Bishop Cristián Roncagliolo, who served as the Vicar General of Santiago, disclosed his departure for Spain in a WhatsApp message to priests of the archdiocese.

Roncagliolo’s departure had been in the works at least since April, when he skipped a plenary assembly of the bishops allegedly due to health reasons. The 52-year-old prelate had been receiving treatment for cancer.

News of his exit was first reported by La Tercera, a newspaper in Chile, which suggested that Roncagliolo faces accusations of inappropriate sexual conduct as well as abuse of power.

According to Ana Maria Celis, President of the Council for the Prevention of Abuse and Victim Accompaniment of the Chilean bishops, “allegations against Roncagliolo had been received.” But, she told La Tercera, it was not the council’s role to do anything about the allegations beyond forwarding them to Rome.

Crux has found that one complaint was made informally by a victim of Cristian Precht, a Chilean priest found guilty of sexually abusing children and removed from the priesthood. Jaime Concha says he was also abused by several Marist brothers over 50 years ago, from the time he was 10 until he finished high school.

Concha, who said he’s made a formal complaint against Roncagliolo, said he hopes it might serve as context for the Vatican’s Congregation for Bishops, which is tasked with the investigation since there are no minors involved.

Concha said he met Roncagliolo the first week of October 2018, after the bishop tracked him down and offered to meet with him to talk about Precht as part of an archdiocesan reparation process. The prelate, he said, took him to a fish restaurant, “ordered the most expensive dish on the menu,” and throughout the lunch insisted on trying to get every detail of what Precht had done to him.

Concha recalled that Roncagliolo asked him very specific questions: “Where had it happened?” “How far had the priest gone?” “Were there kisses?”

“He became horny, he was euphoric, had a libidinous eye,” Concha told Crux. “His behavior was not that of a priest meeting with an abuse victim.”

When the meeting ended, Concha said, he felt “the same way I felt when I was a minor and I was abused. I felt guilty for having met with him. And once again, I was struck by the feeling that I had somehow provoked him.”
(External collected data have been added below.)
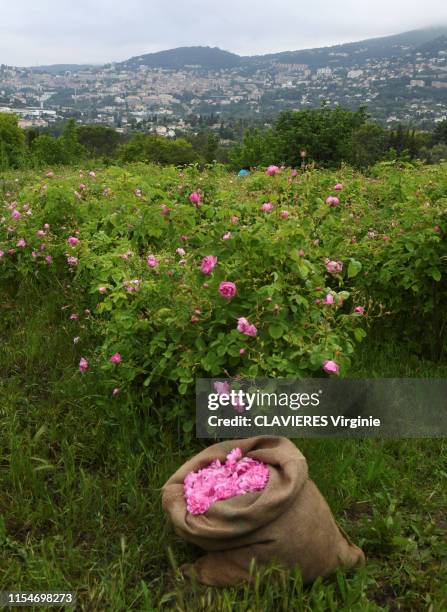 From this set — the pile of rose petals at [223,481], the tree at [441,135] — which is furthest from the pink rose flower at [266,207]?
the tree at [441,135]

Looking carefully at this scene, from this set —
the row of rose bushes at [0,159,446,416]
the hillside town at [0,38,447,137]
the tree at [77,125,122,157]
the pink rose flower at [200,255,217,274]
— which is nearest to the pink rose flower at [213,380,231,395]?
the row of rose bushes at [0,159,446,416]

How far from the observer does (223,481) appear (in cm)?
184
Eneas Espinoza, the spokesman for Chile’s Clerical Abuse Survivors Network, told Crux that, though they have received information on Roncagliolo, what they have thus far is “partial,” so he prefers to error on the side of caution.

“Roncagliolo moves comfortably in university environments, of teaching and academic research,” said Espinoza, who, like Concha, is a survivor of the Marist Brothers. “But he’s very well protected, so concrete information, at this point, is hard to give.”

Following the La Tercera article, Bishop Alberto Lorenzelli Rossi, who succeeded Roncagliolo as Vicar General of Santiago, sent an internal memo to collaborators of the archdiocese, which was eventually made public, claiming that the allegations “of sexual connotation” indicated in the article had not been reported to the archdiocese. However, he acknowledged that the Pastoral Office for Complaints had received complaints for labor mistreatment and abuse of power by three employees of the archdiocese, “facts the bishop himself recognized and, for which, he apologized.”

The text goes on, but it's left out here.